Resurrection aurait pu être un récit d’empowerment, le récit d’une femme se déprenant pour de bon de la relation d’emprise dans laquelle, jeune fille, elle s’était engouffrée. Mais suivant le retour de David, elle sombre à nouveau dans la dynamique retorse qui fut la leur, prétendant vouloir assurer par l’offensive la sécurité de sa fille, sachant trop bien le danger qu’elle court. La manipulation commence par des gestes anodins, qui apparaissent sans gravité. On lui demande de se rendre au bureau pieds nus. On lui demande une discussion au parc, un café, un repas. On impose sa présence dans des lieux publics, parce qu’on est bien en droit d’y être, de poursuivre quelqu’un de loin, sans l’aborder, en suscitant en elle la pensée qu’on lui veut du mal en même temps que la disqualification de cette pensée.
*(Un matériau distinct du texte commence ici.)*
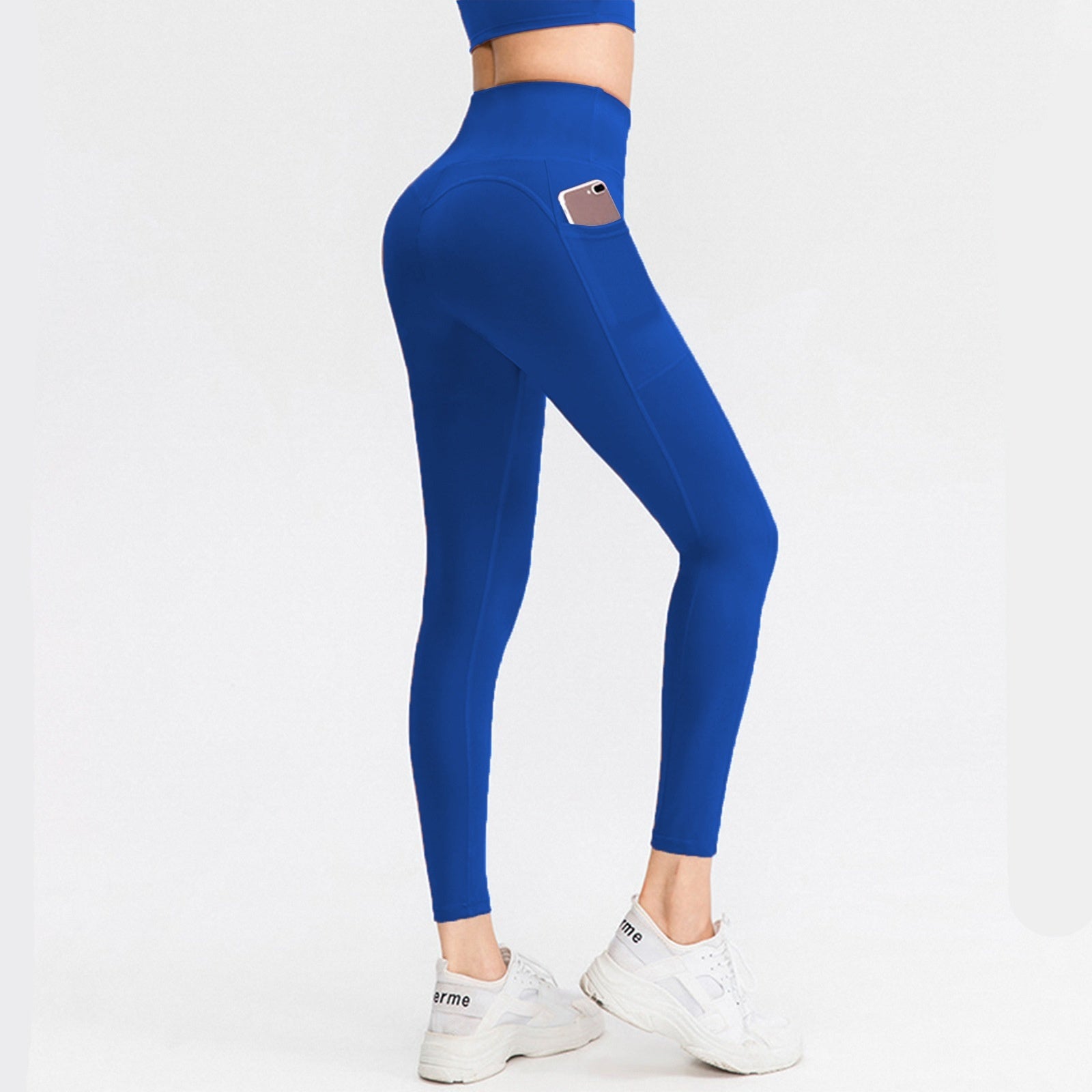 Brushed Side Pocket Yoga High Waist Belly Contracting Peach Hip Leggings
C’est ce qu’on appelle du gaslighting, une violence psychologique où l’abuseur déforme délibérément la perception de la réalité de sa victime, qui en vient à douter de son propre jugement, voire de sa santé mentale. Un phénomène qui ne date pas d’hier. Déjà, en 1944, Gaslight de George Cukor mettait le personnage d’Ingrid Bergman dans cette situation et donna son nom à cette forme d’abus. Dans Ressurection aussi, c’est l’impuissance des femmes face à un système patriarcal qui est dépeinte : la police fera défaut, l’officier exprimant que, sans menaces claires, on ne peut enregistrer une déposition, qu’il faut faire preuve de prudence. Autant dire qu’il faille se préparer au pire, et peut-être y survivre, pour être prise en charge.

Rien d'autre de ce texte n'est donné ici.